Are You Worth Your Weight In Gold
Just what is your worth in gold? Figuratively speaking that is. What value do you bring to what you do? Have you intentionally considered this – do you know?
I had cause recently to further reflect on this question myself, having been approached to run a four hour conference master class. Of course I wanted to assist – the brief of introducing women to, and empowering women through, good governance definitely a topic I am experienced in and passionate about – I saw this as a great opportunity. However in the cold light of day, there were a few challenges.
Firstly, there was no suggestion of payment for my services (despite the fact that the conference was separately charging for this masterclass). The proactive lack of such an offer disappointing. When I plucked up the courage to query any available budget with the organiser, I was offered a token gesture. In addition, my suggestion of a minimum attendance number, in order to effectively run the masterclass, was dismissed.
Following much deliberation, I reluctantly declined the offer to be involved.
Now I am not unfamiliar with the need to, and the process around, charging for one’s time –for over 20 years recording and charging my time as a lawyer in six-minute units and managing budgets. So I find it intriguing that I was initially challenged in seeking a fee in this instance, questioning whether I was taking the right approach in walking away. The disturbing reflection is however, that this situation is not one in isolation, with regular conversations taking place amongst women around the fact that they are not charging what they are worth, or are not charging at all!
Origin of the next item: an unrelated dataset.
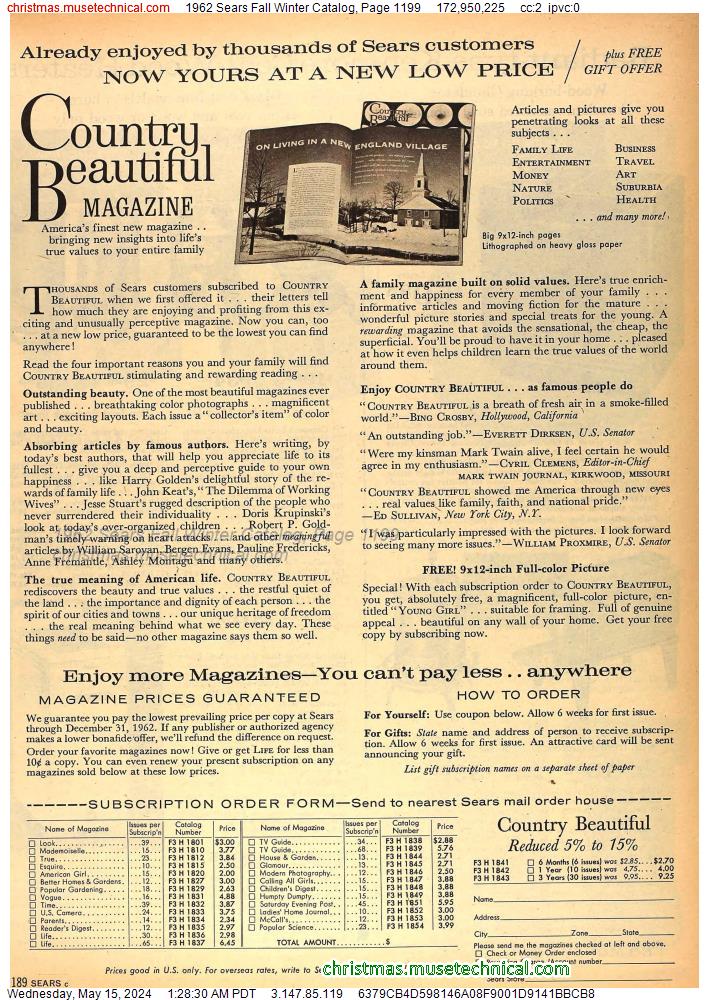 1962 Sears Fall Winter Catalog, Page 1199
So why is this?
While I don’t profess to have all the answers, my own reflection and discussions with others has identified the following reasons women may find it difficult to charge their worth:
- our empathy and desire to help can often result in us giving away our time for free;
- we feel validated in knowing we are wanted and that we can add value;
- we want to pursue what we love doing, even if this means doing it for free;
- there can be ambiguity in what we do for our work and what we do for community;
- we want to be seen as a team player and saying no may make us feel uncooperative;
- we can avoid focusing on the numbers – crystalising what our time is worth and what it costs us to provide a service.
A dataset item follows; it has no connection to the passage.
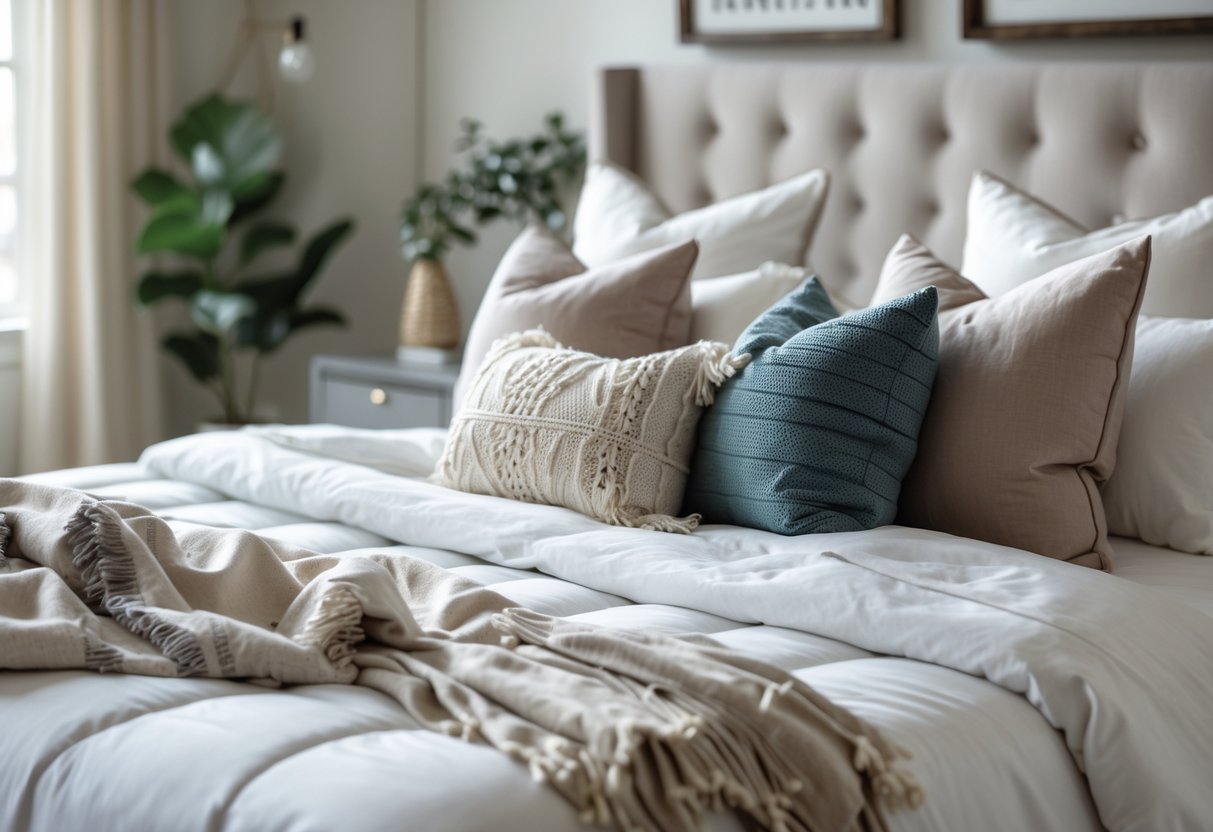 A neatly made bed with white linens, decorative pillows, and a throw blanket in a softly lit bedroom.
- So what can we do to get better at charging our worth, at all times:
- Be clear as to what you bring to the table;
- Identify the value of this – know what your time and expertise is worth;
- Identify, and act on, any limiting beliefs that prevent you from asking for what you deserve;
- Develop clear boundaries;
- Build your confidence in accepting your value;
Practice saying no, with kindness and respect.
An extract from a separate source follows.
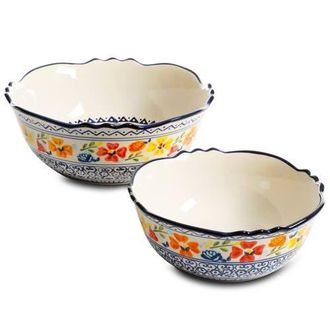 Gibson Home Luxembourg 2 Piece Stoneware Bowl Set in White at Nordstrom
We need to support and encourage each other to know our worth and to charge appropriately for it – questioning organisations that ask a woman to speak or provide a service for free. After all, the clearest way to show someone they are valued is to pay them, and pay them well.
Remember that whether we charge or give away our time or service, the value remains the same. If we choose to do something for free, we should ensure the recipient appreciates the value they are receiving.
If we are going to build sustainable businesses we need to overcome the obstacle of not charging what we are worth – recognising how each of our choices impacts our ultimate success.
Let’s head into 2024 with confidence – remembering, we only get what we have the courage to ask for!